Our campsite in a village called St Jacut-de-la-Mer was another Aires site, 6 Euros a night, water and grey water dumping, without electric hook up. It was within a 10 minute walk to the beach and a quiet location off the main road.

The next day we headed straight to the nearest petrol station with LPG (GPL in France) and bingo they had every conceivable connector and adapter available. We loaded up with LPG and were on our way. Next stop Bayeux.

Again the Camper Contact App came good and we opted for a site just 5 minutes away from the Overlord Museum called Saints-Honorine-des-Pertes. A glorious location, with electric hook up and great access to all the historic sites we wanted to visit. After arriving late in the afternoon we chilled with some wine and planned the next day. Up early we headed into Bayeux for breakfast followed by The Bayeux Tapestry, a definite must depicting the story of the Norman conquest of England. At this point whether you admire it or find it an irritation what is becoming apparent is that the French don’t work long hours. Shops, tourist attractions and businesses all close for 2 hours at lunchtime and have half days here and there which we haven’t yet mastered.

So after the tapestry we were ready for the American cemetery which was frankly beautiful, the Americans have done such a good job of honouring their fallen servicemen.

From the cemetery we drove to the Musee Memorial 1944 Bataille De Normandie, which told the story of the battle of Normandy. There was a huge number of vehicles and memorabilia on show. It had been a long day.

The following morning took us to the Overlord Museum in the neighbouring village near Omaha beach. The boys were fascinated by what they were learning. A drive along the coast to see the British landing sites at Gold and Sword beaches and the Canadian landing point at Juno in the town of Courseulles Sur Mer (twinned with Dartmouth). We ended our day with a visit to the Commonwealth War Cemetery, what struck us was the story told by the headstones and how so few were aged over 25 years of age. What a waste.

We packed up the RV and hooked up Mini and set off east to Grigneuseville. A fantastic French farmhouse with motorhome bays in the garden. Owner Eric, is a hugely accommodating and friendly host. Eric doesn’t speak any English and speaks French at 100 miles per hour but we managed somehow. From here we took a day trip to Rouen to marvel in the many churches in the impressive town. The temperature had dropped considerably and Eric’s water supply had frozen.

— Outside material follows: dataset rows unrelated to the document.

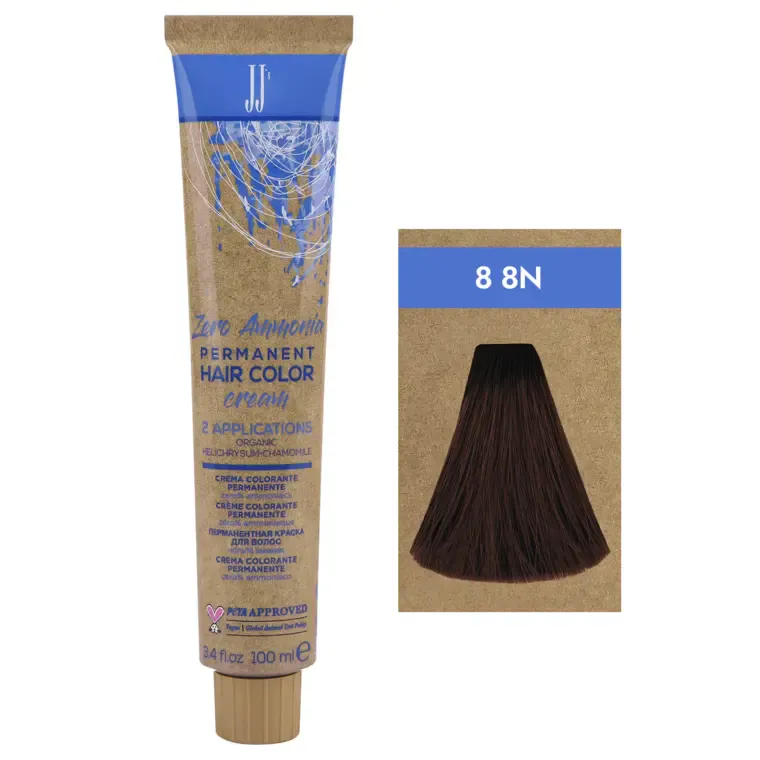 Prirodne nijanse - farba za kosu Zero Ammonia 100 ml — Svetloplava 8-8N — slika 1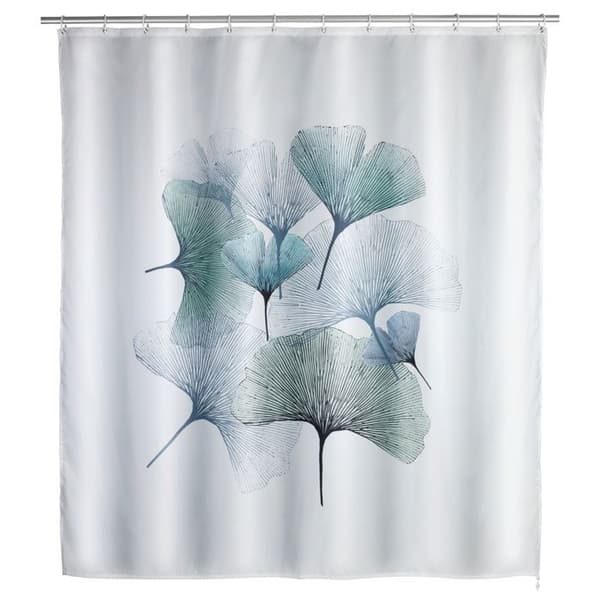 Duschdraperi - WENKO - Ginkgo - 180x200 cm - Polyester - Anti-mögel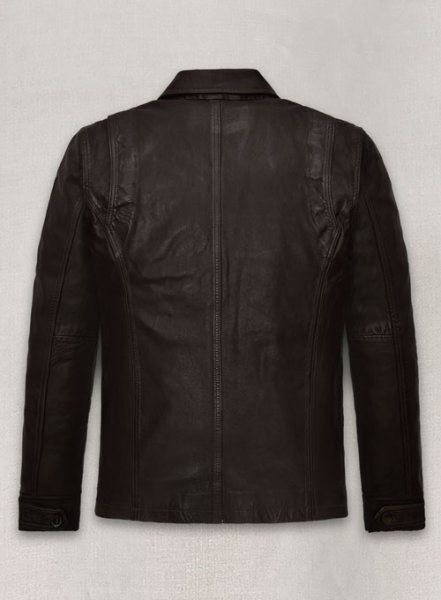 (image for) Dark Brown Jensen Ross Ackles Supernatural Season 7 Leather Jacket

It was time to move on. The final leg of our French journey took is to Lille, our favourite French town so far. The square is beautiful and after a stroll around the shops we had lunch in a bistro just off the square called La Chicory, opting for the plat du jour. The food and ambience was perfect however the service was stereotypically stroppy!

Whilst in Lille we parked the RV at a brilliant site around 30km South West of the city in a park called Parc Olhain in Pas-de-Calais. A hugely popular leisure park, great for dog walking and parkour areas for the kids to play.

Our journey now continues to Belgium the second country on our tour of Europe. We leave France and head to Bruges. After chatting to a family camping at the campsite in Calais they recommended another camping app called Park4night. We downloaded it and planned our first nights site in Belgium. Jon found a great site in Wingene around 14 miles from Brugge on a working dairy farm owned by Kevin and Patrick.